[Source data]
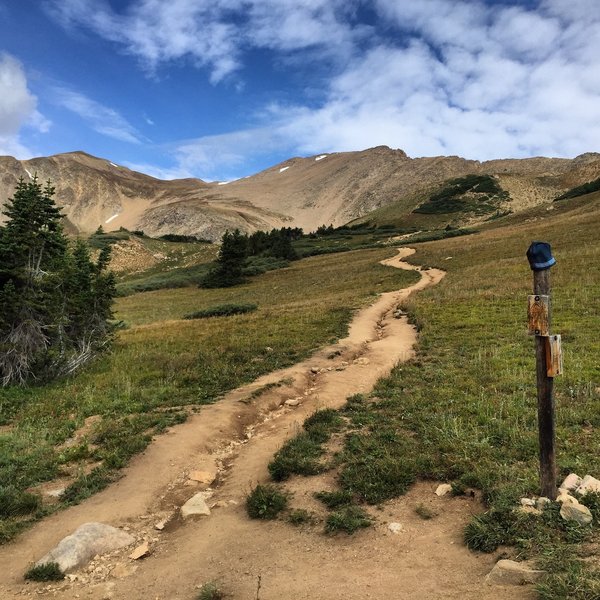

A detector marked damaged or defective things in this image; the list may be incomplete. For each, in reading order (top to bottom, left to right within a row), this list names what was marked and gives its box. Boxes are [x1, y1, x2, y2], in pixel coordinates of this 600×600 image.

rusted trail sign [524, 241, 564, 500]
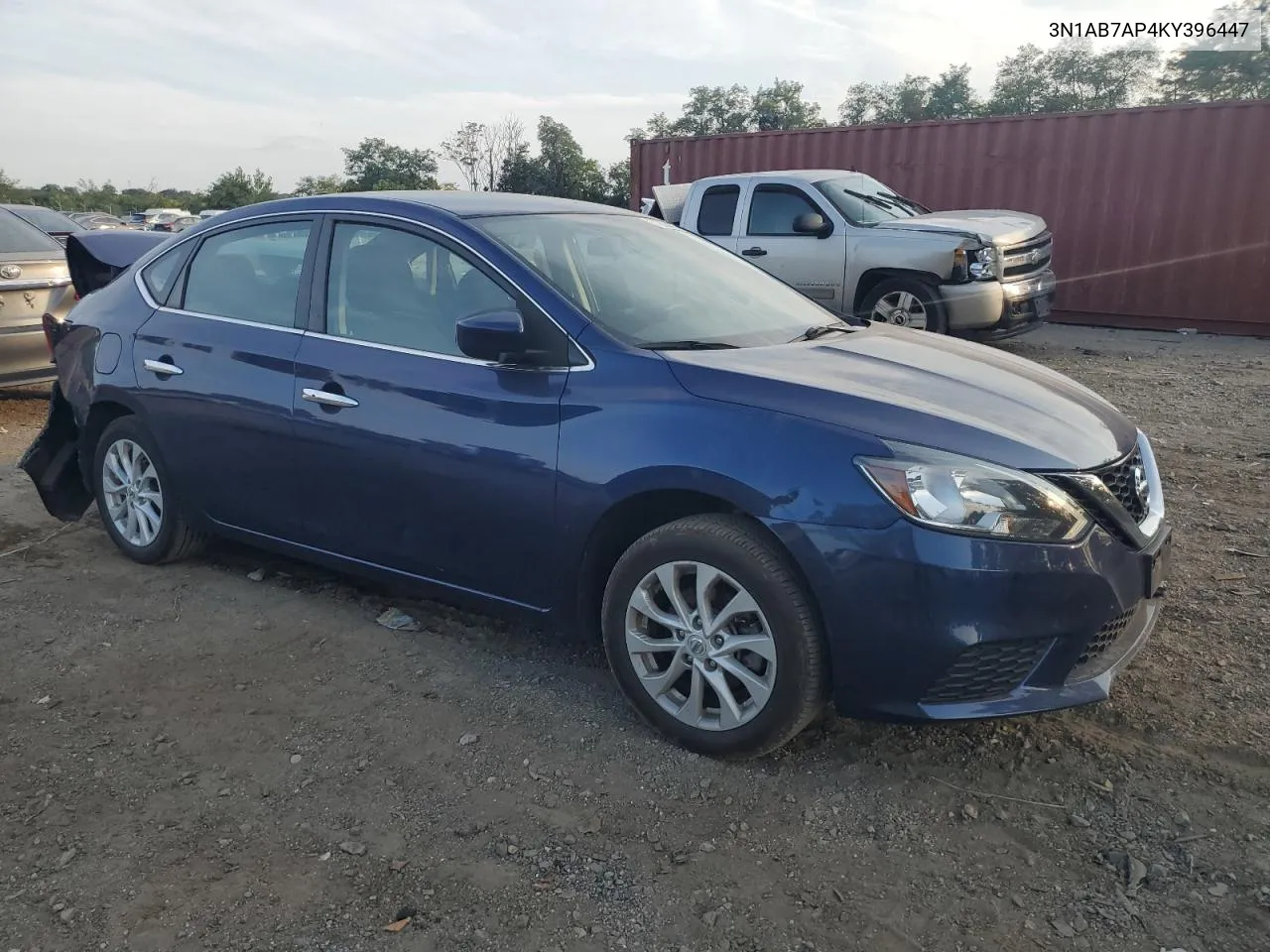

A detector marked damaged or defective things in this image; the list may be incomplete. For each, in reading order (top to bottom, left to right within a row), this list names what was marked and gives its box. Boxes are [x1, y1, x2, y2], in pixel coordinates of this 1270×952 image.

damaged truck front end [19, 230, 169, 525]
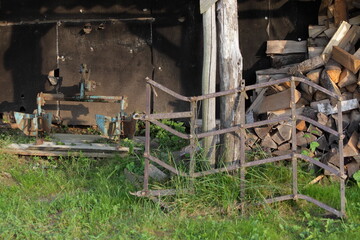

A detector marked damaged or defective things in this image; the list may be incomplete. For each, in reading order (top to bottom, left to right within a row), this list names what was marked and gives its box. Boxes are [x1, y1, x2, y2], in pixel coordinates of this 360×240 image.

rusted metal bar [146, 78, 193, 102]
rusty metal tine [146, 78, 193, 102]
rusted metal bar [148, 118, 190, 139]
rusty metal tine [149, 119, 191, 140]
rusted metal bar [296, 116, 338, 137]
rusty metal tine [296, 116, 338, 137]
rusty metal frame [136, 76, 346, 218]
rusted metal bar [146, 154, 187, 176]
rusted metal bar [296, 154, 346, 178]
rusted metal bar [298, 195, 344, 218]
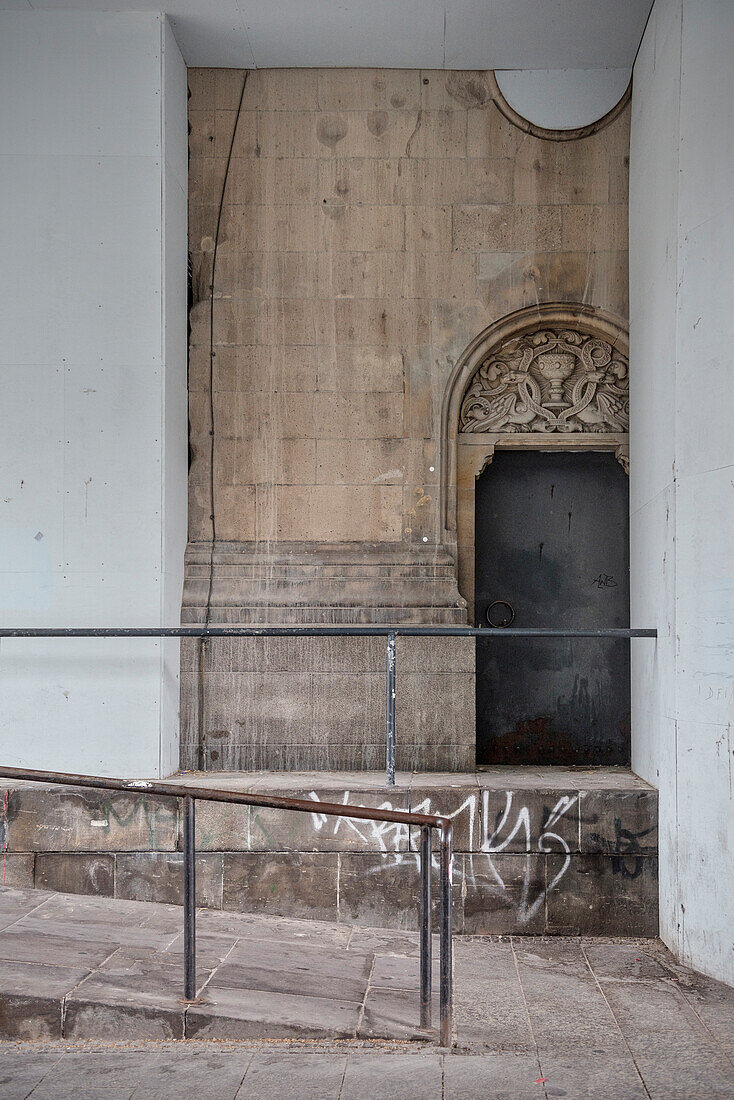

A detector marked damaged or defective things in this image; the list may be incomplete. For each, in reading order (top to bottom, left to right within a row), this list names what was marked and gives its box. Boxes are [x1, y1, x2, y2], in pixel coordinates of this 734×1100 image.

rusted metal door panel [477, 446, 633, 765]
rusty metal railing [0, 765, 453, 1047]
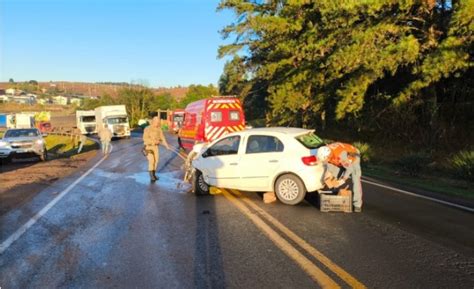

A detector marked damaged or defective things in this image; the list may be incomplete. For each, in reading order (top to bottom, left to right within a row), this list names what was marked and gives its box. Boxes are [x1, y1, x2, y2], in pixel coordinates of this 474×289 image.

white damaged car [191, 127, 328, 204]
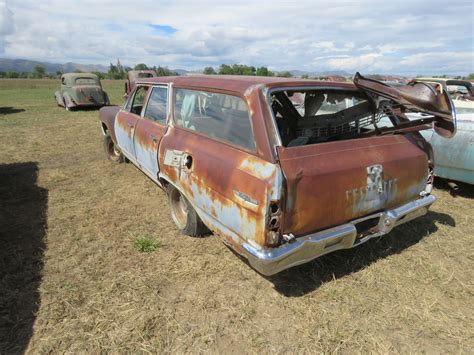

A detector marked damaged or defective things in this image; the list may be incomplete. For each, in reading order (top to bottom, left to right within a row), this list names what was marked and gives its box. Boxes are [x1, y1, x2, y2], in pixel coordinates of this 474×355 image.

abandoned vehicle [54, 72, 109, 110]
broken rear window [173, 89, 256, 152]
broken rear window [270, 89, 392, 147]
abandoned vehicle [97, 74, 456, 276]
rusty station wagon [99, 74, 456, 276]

[Exercise instructions]
Your task is to write out, exactly and without pictures, only the lines from the one holding "this 360×240 image." to the last line of the data.

[Task solution]
A detector marked damaged or defective things in this image; the list may be incomplete. For each, in reading order (top to bottom, left to right within a row), this list names what was marked and gives its box. Boxes are [x1, y1, x2, y2], in pixel coordinates of this 360×240 image.

rusted metal bar [146, 78, 193, 102]
rusty metal tine [146, 78, 193, 102]
rusted metal bar [148, 118, 190, 139]
rusty metal tine [149, 119, 191, 140]
rusted metal bar [296, 116, 338, 137]
rusty metal tine [296, 116, 338, 137]
rusty metal frame [136, 76, 346, 218]
rusted metal bar [146, 154, 187, 176]
rusted metal bar [296, 154, 346, 178]
rusted metal bar [298, 195, 344, 218]

A detector marked damaged or defective things in this image; the list may be incomplete. For each, in reading order (top to bottom, left to right within a row), this list names what was marked and gives its box. Boxes are [x1, y1, x2, y2], in pixel coordinates of this 734×1100 image.

rusted metal door panel [477, 446, 633, 765]
rusty metal railing [0, 765, 453, 1047]

A detector marked damaged or defective things in this image; the list may be incomplete. For each, in reading order (top to bottom, left to right within a row), this list names what was marked and gives its box. Boxes are [x1, y1, x2, y2], in pixel coordinates of this 474×289 image.

white damaged car [191, 127, 328, 204]

A detector marked damaged or defective things in this image; the list may be incomplete. For each, in reading order (top to bottom, left to right within a row), this list names what was marked and gives its box. Boxes are [x1, y1, x2, y2], in pixel coordinates of this 474×355 image.

abandoned vehicle [54, 72, 109, 110]
broken rear window [173, 89, 256, 152]
broken rear window [270, 89, 392, 147]
abandoned vehicle [97, 74, 456, 276]
rusty station wagon [99, 74, 456, 276]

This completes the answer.